- Proposed Route 755 corridor highlighted in red

Route information
- Length: 4 mi (6.4 km)

Major junctions
- South end: I-44 / I-55 in St. Louis
- I-64 / US 40 in St. Louis
- North end: I-70 in St. Louis

Location
- Country: United States
- State: Missouri

Highway system
- Missouri State Highway System; Interstate; US; State; Supplemental;

= Missouri Route 755 =

Former proposed highway in Missouri

Route 755 was a proposed state highway entirely in the city limits of St. Louis, Missouri, that was never built due to local objections. Its northern terminus was to be at an interchange with Interstate 70 (I-70) in the northeastern part of the city and its southern terminus was at an interchange with I-44/I-55. It would have had an interchange with I-64/U.S. Route 40 along the way. The road was proposed as a freeway bypassing the downtown area of St. Louis and would have provided the currently missing connections of northbound I-44/I-55 to westbound I-64 and eastbound I-64 to westbound I-44/I-55 or westbound I-70. It also was to be signed Interstate 755 (I-755).

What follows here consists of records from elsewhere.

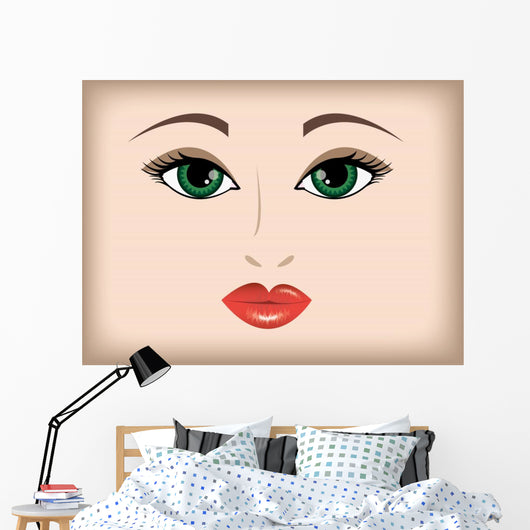 Face Wall Decal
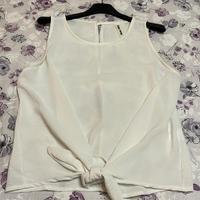 Crop top bianco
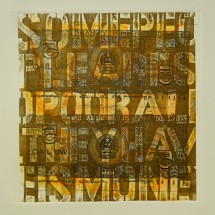 UNTITLED (X&M ORANGE) | Monotype and xilography | 41x36cm | 2014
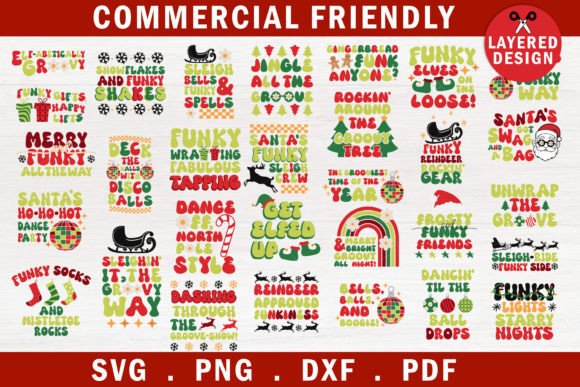 Download 30 Groovy Retro Christmas Quotes SVG - Christmas quote Collection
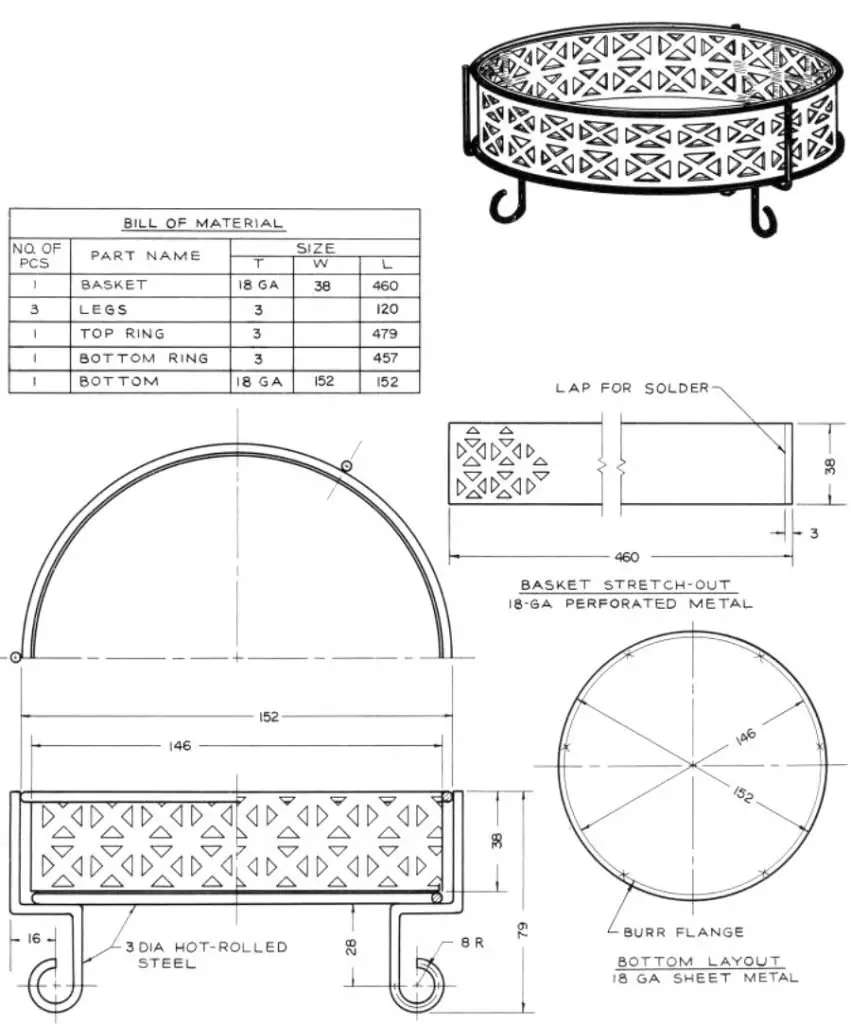 Caddy Tray Metal Project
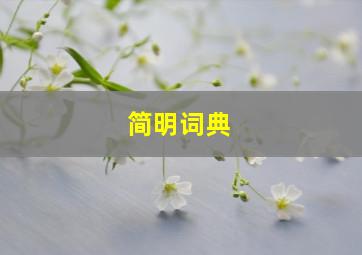 简明词典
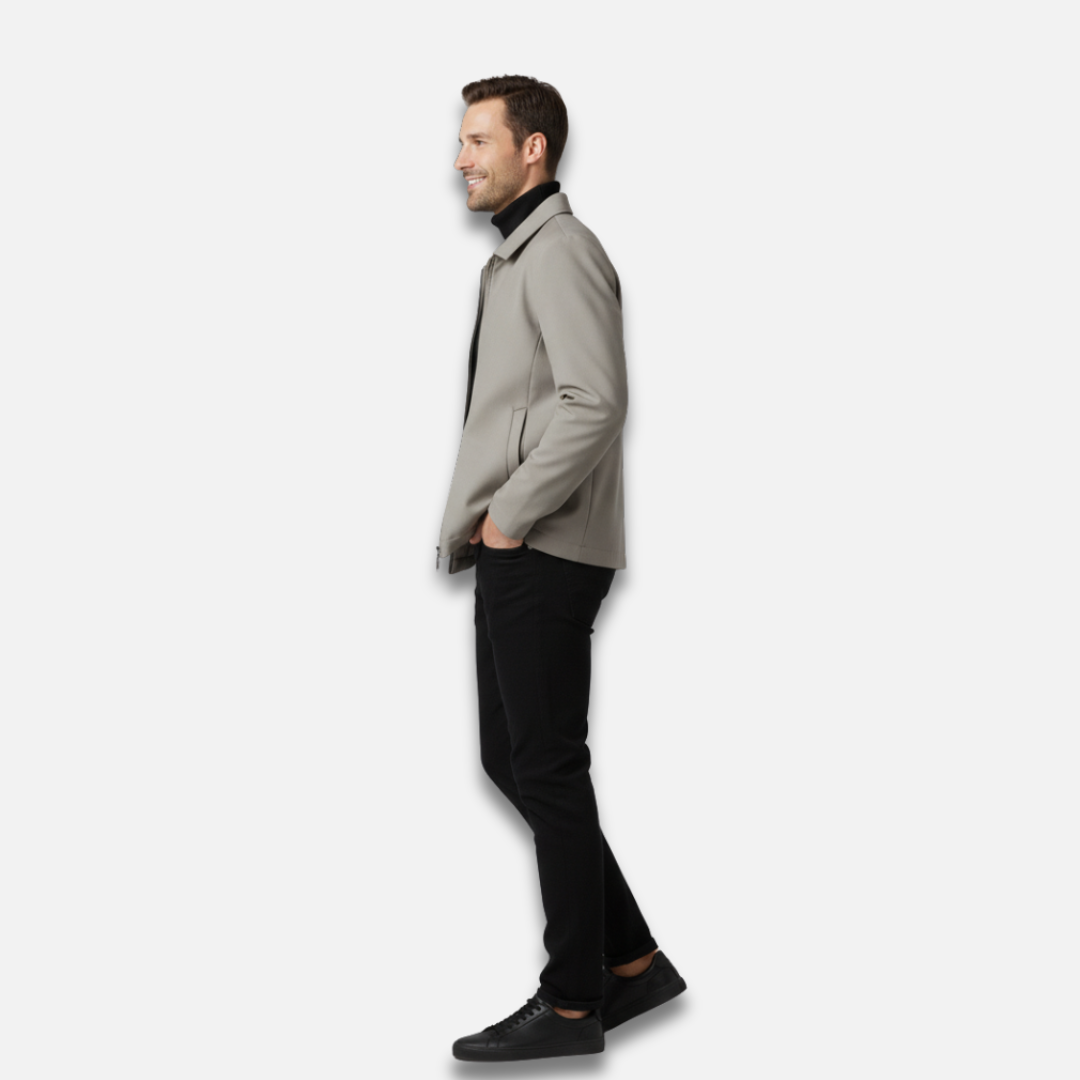 Men’s Solid Collar Jacket Laurel & Legacy
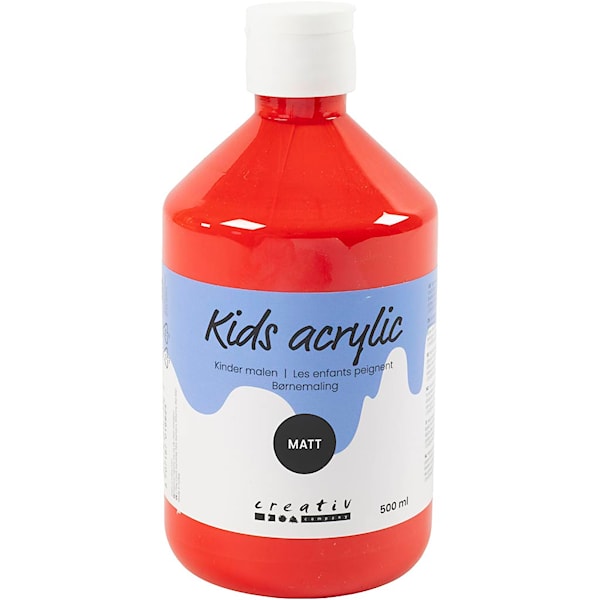 Färg Allround 02 Matt 500 ml Primärblå A-color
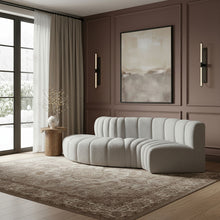 Load image into Gallery viewer, Arc - Boucle Fabric 4 Piece L-Shaped Modular Sofa
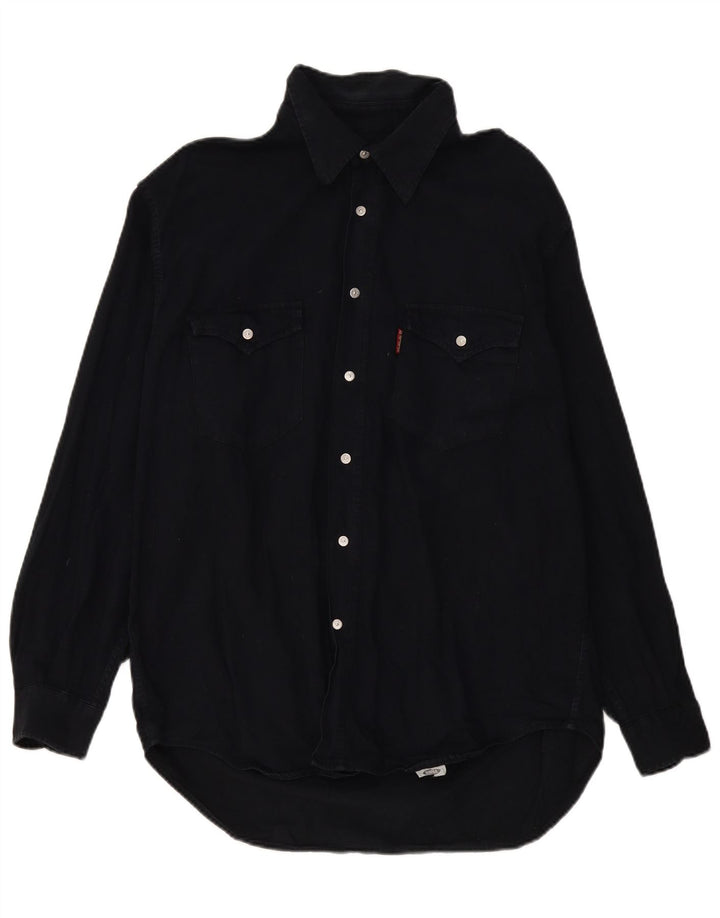 Carrera Chemise en jean pour homme Taille 43/44 XL Noir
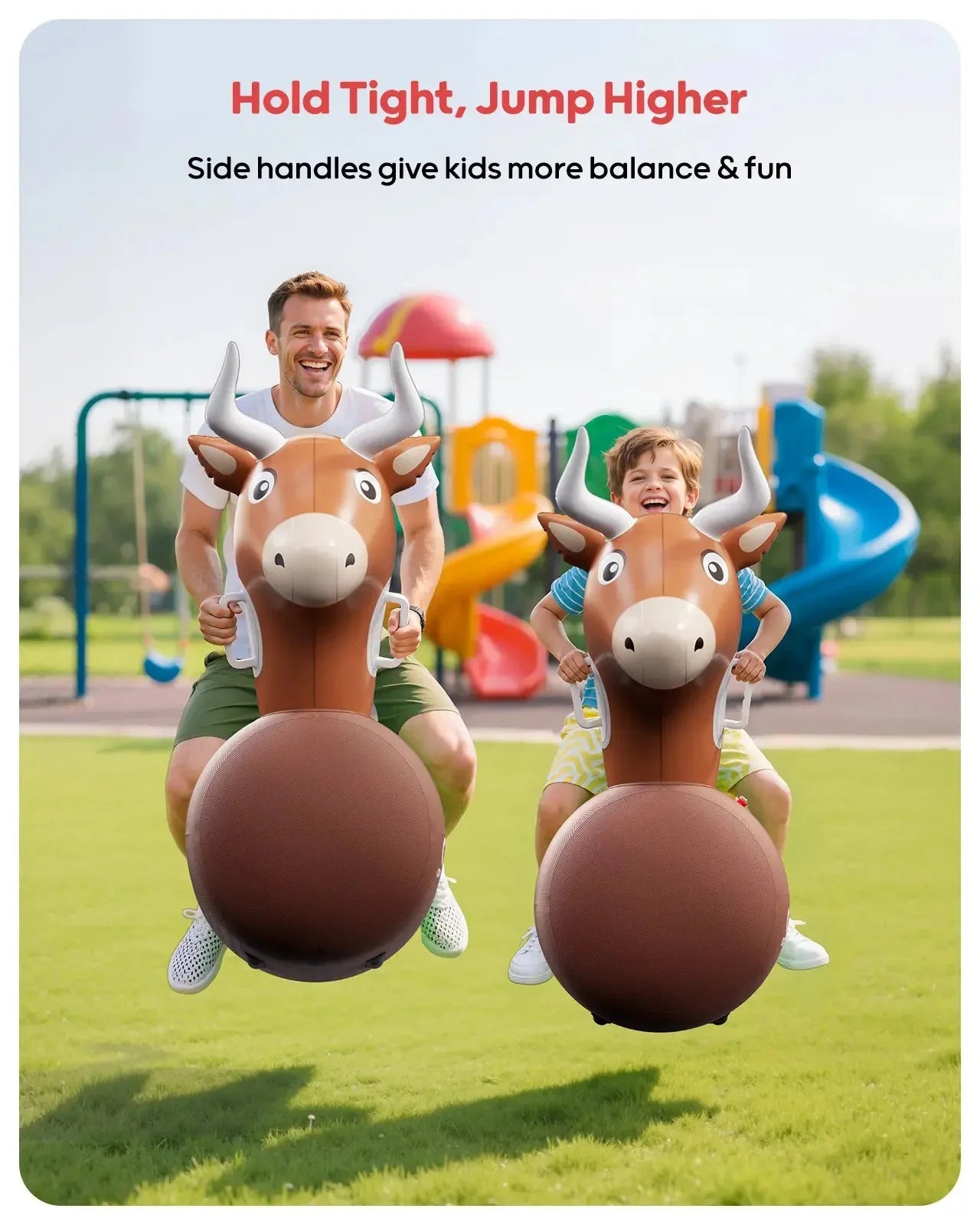 🐂 Kids Bouncing Bull Ride-On Toy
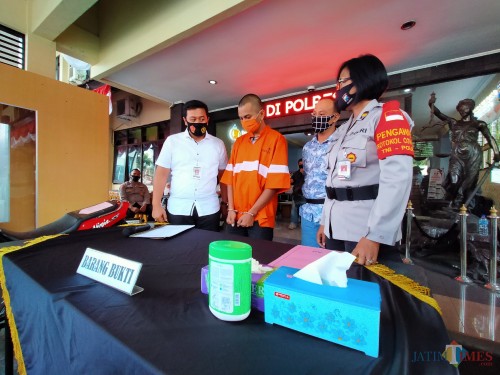 Angga Prasetya, Residivis curanmor yang kembali ditangkap (Anggara Sudiongko/MalangTIMES)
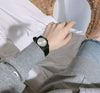 Watch Plastic Silicone Round Classic Retro Leisure Style For Men And Women Middle School Students Waterproof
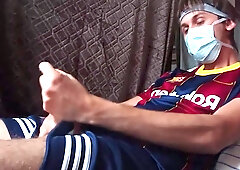 [abx][1][516] - Barcelona Football Fan Gets Horny At Home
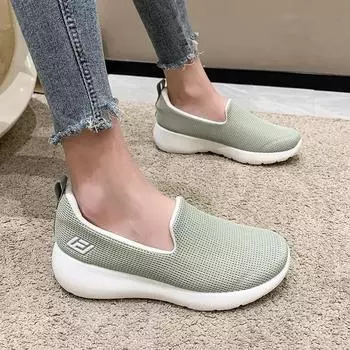 Весенние женские мокасины Удобная женская обувь Балетки Носки Кроссовки Теннисные туфли Zapatilas Mujer Женская повседневная обувь 35 чёрный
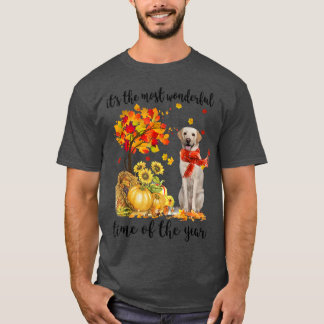 T-shirt It's The Most Wonderful Autumn Time Labrador Pumpk
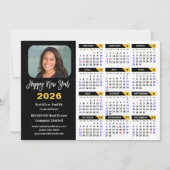 2025カレモダンンダー企業の写真黒金ゴールド シーズンカード (正面)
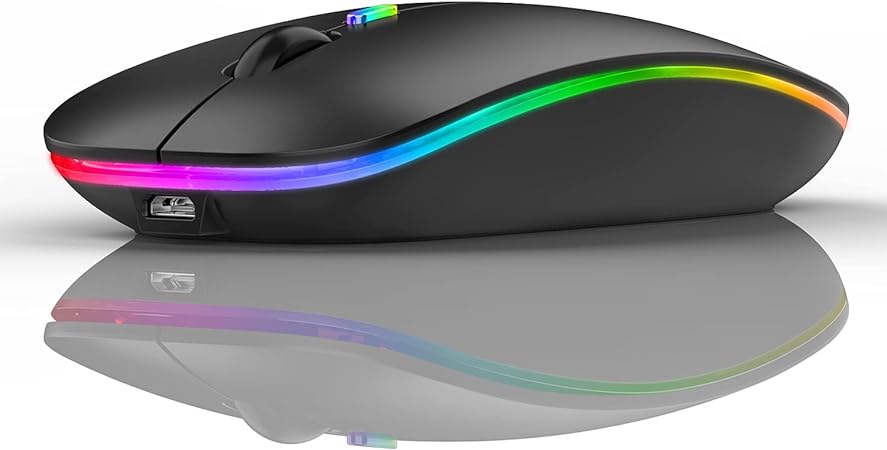 Hp W10 Wireless Rgb Mouse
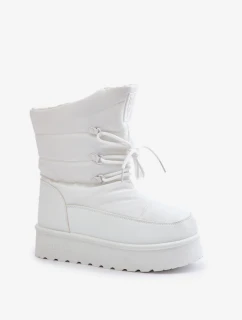 Sněhule Na Platformě Na Zip Big Star OO274886 Bílé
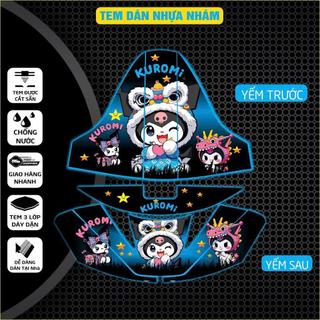 COMBO 2021-2026 TEM NHỰA NHÁM   (XE CÓ NẮP CỐP TRƯỚC)hottt 2025 chất liệu decal 3 lơp cao cấp ,chống phai màu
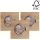 SET 3x LED Hang plafondverlichting VITAR 1xGU10/5W/230V CRI 90 eiken – FSC gecertificeerd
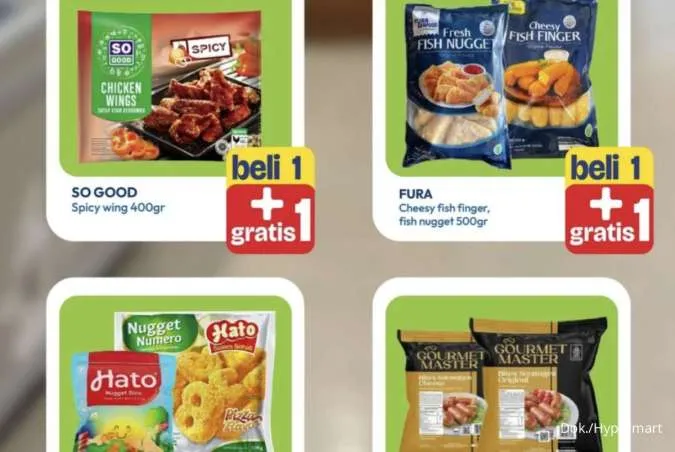 Promo JSM Hypermart Weekend 7-10 November 2025, Beli 1 Gratis 1 Nugget-Sosis-Bakso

Route 755 was partially built, in the form of large flyover ramps between I-44/I-55 and I-64/US 40, which lead to local streets. These large interchanges have excess right of way, as well as unused pavement segments. Truman Parkway and long exits to Lafayette Avenue and 20th, Chestnut, Market, and Pine Streets were all that was built of the once proposed and since canceled Route 755. The ramps from I-64 were closed in February 2020 and removed that winter to make way for a new soccer stadium.